# Cruze owners in upper midwest; MN, WI, ND, SD, IA, etc...



## LuvmycruzeLT (Feb 26, 2012)

Anyone here from these locals? Would be cool to hook up this coming spring/summer and talk all things Cruze! I live just east of St. Paul, Mn. between the MN and WI state lines.


----------



## EcoTec (Mar 9, 2012)

Illinois? lol


----------



## Nobody (Feb 12, 2012)

EcoTec said:


> Illinois? lol


ha ha, yes where's IL at??


----------



## EcoTec (Mar 9, 2012)

Ilinois stand up! lol


----------



## silverram323 (Mar 16, 2012)

Im in forest lake, mn let me know, im game to hook up & b.s.


----------



## LuvmycruzeLT (Feb 26, 2012)

Forest Lake? Cool, my wife's brother lives there! We go to visit quite often. I'll have to let you know next time we make plans to head up that way. You and your better half both have Cruzes? Nice....


----------



## LuvmycruzeLT (Feb 26, 2012)

Illinois? ok, I'll give you some air play...REPRESENT! lol


----------



## silverram323 (Mar 16, 2012)

LuvmycruzeLT said:


> Forest Lake? Cool, my wife's brother lives there! We go to visit quite often. I'll have to let you know next time we make plans to head up that way. You and your better half both have Cruzes? Nice....

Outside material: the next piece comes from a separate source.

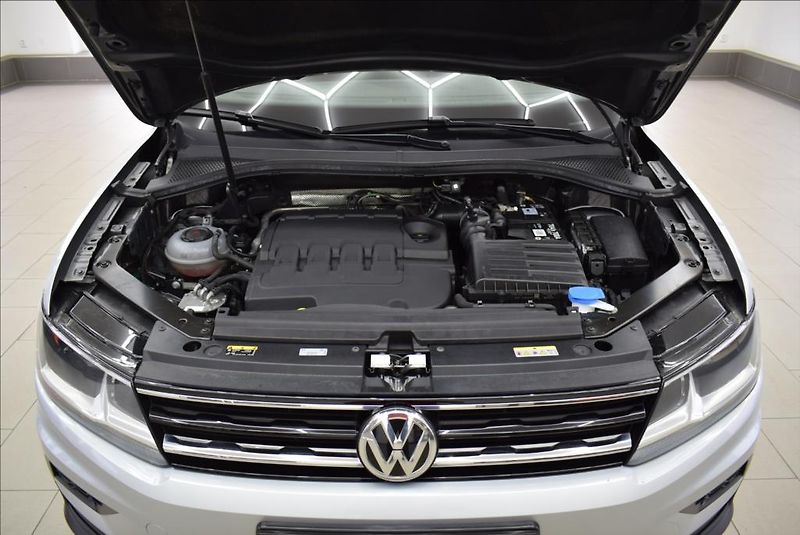 Volkswagen Tiguan 2,0 TDi, virtual,pano,navi, - fotka 42 z 44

Yup, just picked up the blue one.

Sent from my DROID X2 using AutoGuide.Com Free App


----------



## mknight (Mar 5, 2012)

Sounds like a good time! Dubuque, IA


----------



## Christopher_2 (Jul 31, 2012)

I am in the Rochester MN Area


----------



## mabzmuzik (Jul 19, 2012)

Northern Illinois... Belvidere/Poplar Grove


----------